Makale özeti ve diğer detaylar.
Mining development provides tremendous amount of long-term environmental and community degradation all over the world. Often, local communities bear the burden. This article demonstrates how the Bergama environmental network has utilized international environmental treaties with a focus on precautionary principle in order to halt the cyanide-leach Ovacik gold mine project in Turkey. The network has not only operated under the principle of precaution, but it has also defined and illustrated how the precautionary principle could be operationalized and implemented in practice in mining industry. By doing so, the Bergama environmental network developed a model for the operationalization and implementation of the precautionary principle in mining sector. In contrast to risk assessment that focus on the question of what level of contamination is safe, the precautionary approach focus on the question of how to reduce or eliminate the hazards and considers all the possible means of achieving that goal---including forgoing the proposed activity. This network has been promoting precautionary principle instead of risk assessment in mining nationwide.

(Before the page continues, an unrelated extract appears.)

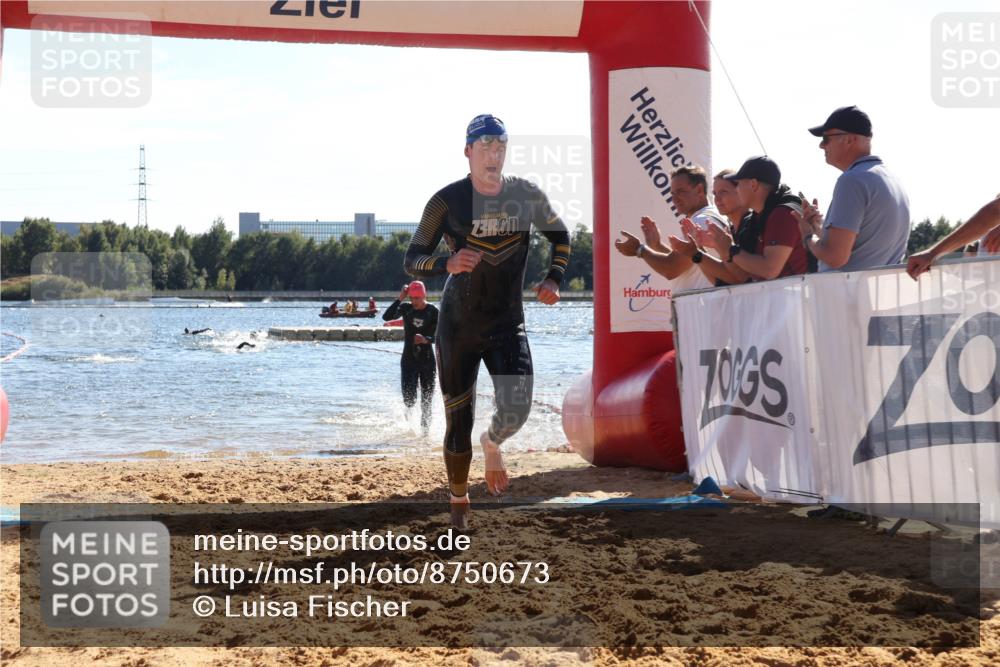 07.09.2025 - 19. Norderstedt Triathlon Luisa Fischer http://msf.ph/oto/8750673 07.09.2025 15:27:54 Schwimmen 514, 517, 537 meine-sportfotos.de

This model can be utilized by other communities dealing with mining developments in order to make the companies and their states to adopt and implement the precautionary principle. This article is based on a larger research project that has been taking place since 2002 on Ovacik gold mine development in Bergama. It relies on data that comes from interviews, focus group discussions with local community residents and field notes as well as books and documents prepared by the network and local newspapers that covered the case extensively.
Maden işletmeciliği dünyada doğal çevre ve o çevrede yaşayan insan toplulukları üzerinde uzun vadeli yıkımlara neden olmuştur. Sıklıkla, yerel topluluklar bu işin negatif sonuçlarına katlanmak zorunda kalmışlardır. Bu makale, Turkiye‟de Ovacık altın madeni projesini durdurmak için Bergama çevre ağının ihtiyat ilkesini bünyesinde bulunduran uluslararası çevre anlaşmalarını nasıl kullandıklarını analiz etmektedir. Bu ağ sadece ihtiyat ilkesini baz alarak hareket etmekle kalmamış, fakat aynı zamanda maden sektöründe bu ilkenin ne şekilde operationaze edilebileceğini ve uygulanabileceğini tanımlamış ve göstermiştir. Bu şekilde, bu ağ maden sektöründe ihtiyat ilkesinin uygulamasına yönelik bir model geliştirmiştir. Ne kadar kirlilik tehlikesizdir sorusu üzerine yoğunlaşan risk değerlendirmesi methodunun tersine, ihtiyat ilkesi tehlike ne şekilde azaltılır veya yok edilir sorusu üzerine yoğunlaşır ve bu amaca ulaşmak için önerilen projenin iptalini de içine alan bütün yollara başvurur. Bergama çevre ağı tarafından geliştirilen bu model maden işletmeciliği ile karşı karşıya bırakılmış diğer topluluklar tarafından kullanılabilir. Bu makale 2002 den beri devam eden daha geniş kapsamlı bir proje çalışmasın ürünüdür. Bu makalede yerel halk ile yapılan görüşmeler, focus grup konuşmaları, saha çalışması sırasında kaydedilen notlar, bu ağ tarafından hazırlanmış doküman ve kitaplar ve yerel gazetelerden toplanan veriler kullanılmıştır.